Dataset section:
----------

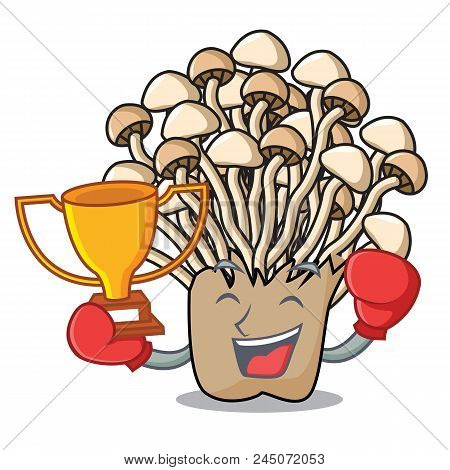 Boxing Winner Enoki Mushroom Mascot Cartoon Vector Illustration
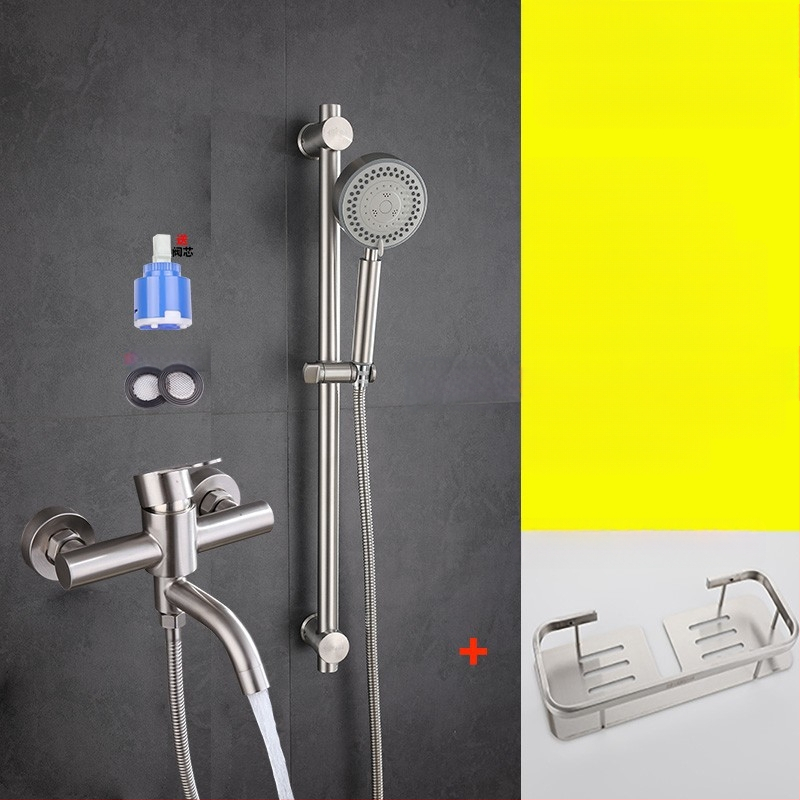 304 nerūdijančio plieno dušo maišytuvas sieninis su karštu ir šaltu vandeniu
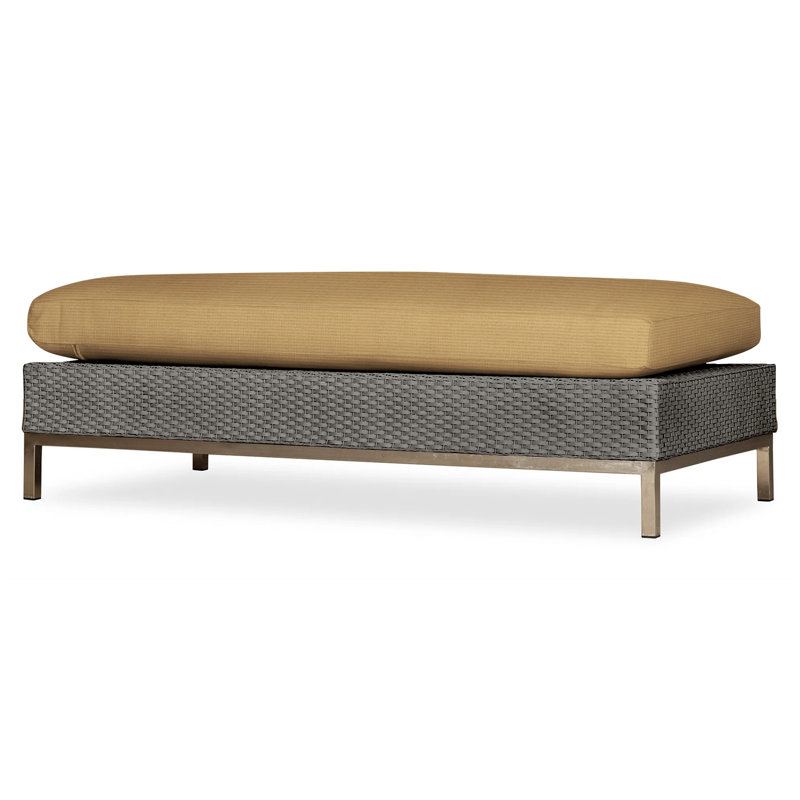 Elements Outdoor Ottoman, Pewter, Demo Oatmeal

----------

Activity: Please repeat the data above exactly as it appears, pictures excluded.

Response to this exercise:
 Boxing Winner Enoki Mushroom Mascot Cartoon Vector Illustration
 304 nerūdijančio plieno dušo maišytuvas sieninis su karštu ir šaltu vandeniu
 Elements Outdoor Ottoman, Pewter, Demo Oatmeal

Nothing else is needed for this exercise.